Ghost Push Android Malware Responsible for Infecting 600k New Users Daily

The Ghost Push malware comes with those Android apps that are available at non-Google app stores.

The newly discovered Android malware dubbed as Ghost Push Malware has the capability of compromising a massive number of new devices (more than 600,000) on a daily basis. 

The malware has been detected by a famous Android developer Cheetah Mobile. The same company is responsible for producing some very popular apps such as Clean Master, CM Security, Battery Doctor, CM Launcher and CM Browser.

According to the claims by Cheetah Mobile’s security research team, currently, this malware has managed to infect around 14,847 mobile devices from 3,658 brands. 

The most affected users have been identified to reside in regions like Russia, India, Eastern Europe, the Middle East, Southern China, Mexico, Venezuela, and South-East Asia.

The researchers have detected around 39 apps.
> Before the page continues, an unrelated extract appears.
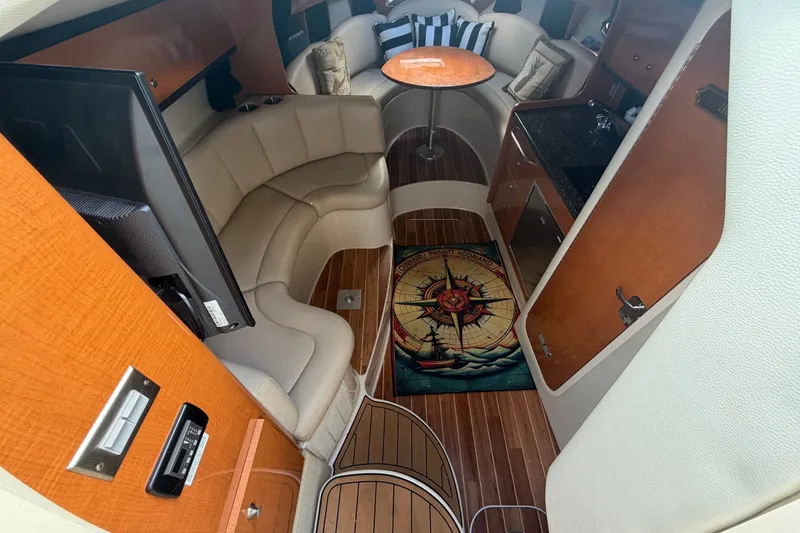 Slide: The Image of Interior of 2008 Chaparral Signature 290 boat with cozy seating and nautical decor. - 44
These apps are distributed via unofficial channels and the apps were bundled with Ghost Push malware.

Ghost Push an Uninstallable Infection

The Ghost Push Malware’s trail was tracked by the firm’s security researchers after they identified support topics on various random Android forums where users asked for help in deleting some uninstallable apps.

When the team dug deeper and surveyed these apps, it was detected that the malware that was hidden in their codes actually roots the victim’s phone and automatically installs itself in the device’s ROM.

This helps in making the malware boot-resistant, as it manages to start automatically whenever the user tries to restart the phone in order to remove the app/virus. Thus, it can be stated that the countermeasures such as re-starting the device in safe mode or conducting a factory reset won’t help in deleting the malware permanently.

The firm identified an important aspect that its products CM Security and Clean Master can easily detect if your device has the infection or not.

Cheetah Mobile also offers users a remedy to delete this malware in the form of Stubborn Trojan Killer, a special app that is available at Google Play Store. The app contains descriptive step-by-step instructions regarding how to delete the malware manually.

The apps that are bugged with Ghost Push include the following:

Accurate Compass, Amazon, All-star Fruit Slash, Assistive Touch, Boom Pig, Assistive Touch, Fast Booster, Daily Racing, Fruit Slots, Hot Girls, Happy Fishing, Hot Video, Hubii News, Ice Browser, iTouch, iVideo, Indian Sexy Stories 2, Lemon Browser, Light Browser, Memory Booster, MonkeyTest, Multifunction Flashlight, Photo Clean, PinkyGirls, PronClub, SettingService, Sex Cademy, Simple Flashlight, SmartFolder, Super Mario, Talking Tom 3, TimeService, WhatsWifi, WiFiEnhancer, WiFi FTP, Wifi Speeder, WordLock, XVideo, and XVideo Codec Pack.